**ACTIVITY**. In your reply, repeat the full listing exactly and leave each picture out.

**SUPPLIED INFORMATION**.
· · ·

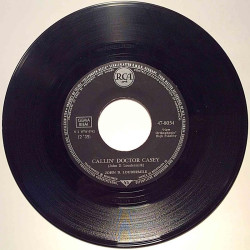 Loudermilk John D. : Callin’ Doctor Casey / Oh How Sad - second hand single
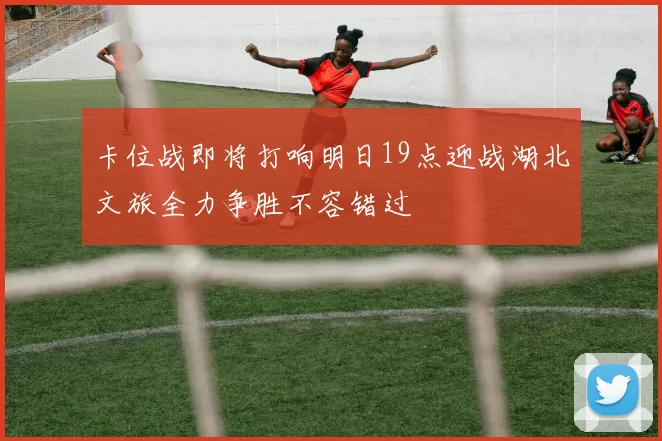 卡位战即将打响明日19点迎战湖北文旅全力争胜不容错过
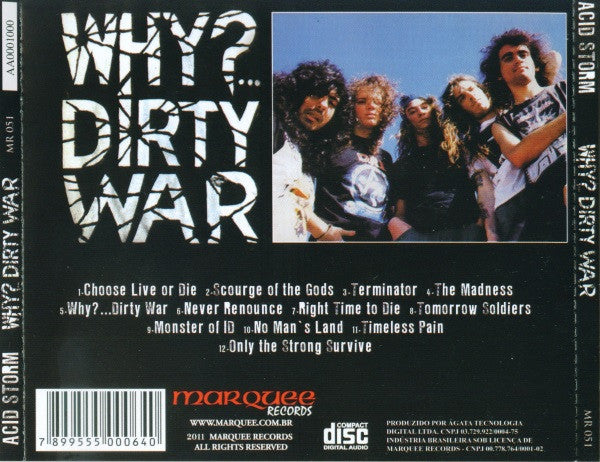Acid Storm - Why? Dirty War CD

· · ·

**ANSWER SECTION**.
 Loudermilk John D. : Callin’ Doctor Casey / Oh How Sad - second hand single
 卡位战即将打响明日19点迎战湖北文旅全力争胜不容错过
Acid Storm - Why? Dirty War CD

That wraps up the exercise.